2. Predictive risk scoring for sites. Enrollment forecasting at the site level is still largely intuition-based. Sites that will miss their enrollment targets often don't show visible warning signs until 90 days before the deadline — when there's nothing left to do. Predictive models that ingest site-level historical performance, protocol complexity, and patient pool characteristics can identify at-risk sites 6+ months in advance, giving sponsors time to add resources, open backup sites, or adjust inclusion criteria proactively.
3. Multi-site coordination at scale. For large multicenter trials, coordinating outreach across 50–200 sites is a logistical nightmare. Manual coordination introduces delays, inconsistencies, and gaps. Automated coordination — synchronizing screening protocols, outreach cadences, and enrollment reporting across all active sites simultaneously — reduces the coordination overhead that burns out site staff and slows enrollment velocity.
4. Protocol-change responsiveness. When a protocol amendment occurs, the manual re-screening process takes weeks to months. An AI agent that has been continuously screening can re-match the entire patient pool against the updated criteria in hours, generating a new ranked cohort immediately. This isn't just faster — it means patients who would have aged out during the manual re-screening window get enrolled in time.

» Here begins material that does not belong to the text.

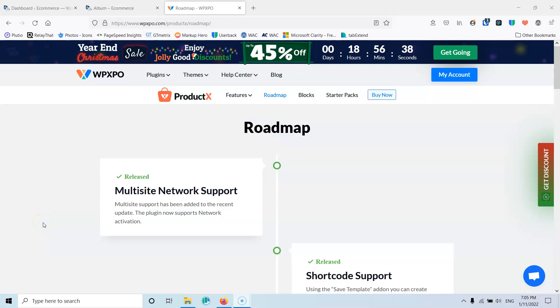In this video we're going to create a custom single product page inside Gutenberg using the ProductX plugin. Hi, my name is Stratos and I'm constantly producing tutorials about WordPress. Please subscribe to my channel for more videos like this.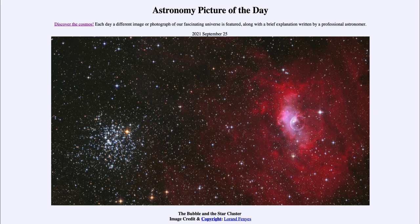To get an idea of how big this is, the Bubble Nebula is about 10 light-years across. So it gives you an idea of how large this is and how much time it has taken for this material to spread out over such a vast distance.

What an autonomous screening agent looks like in practice
The model we're building toward at Syncra is an agent that continuously monitors EHR records against active protocol criteria — running in the background, not constrained to business hours. When a patient becomes eligible, the agent scores their fit against the full protocol, surfaces high-confidence matches to the site coordinator, and logs the reasoning so it's auditable.
For multilingual sites or diverse patient populations, the agent can generate outreach in the patient's preferred language. For patients who didn't respond to initial outreach, it can schedule re-engagement with updated messaging. This isn't a replacement for the coordinator's judgment — it's a layer that handles the mechanical work of scanning, scoring, and sequencing, so coordinators spend their time on the patients who need human conversation.
We're not there yet on all of it. But the infrastructure to do this exists today. The question is whether the industry will keep patching the old model or commit to building the new one.
"The trial that finishes enrollment on time isn't the one with the cleverer ad. It's the one that found every eligible patient before anyone knew they were eligible."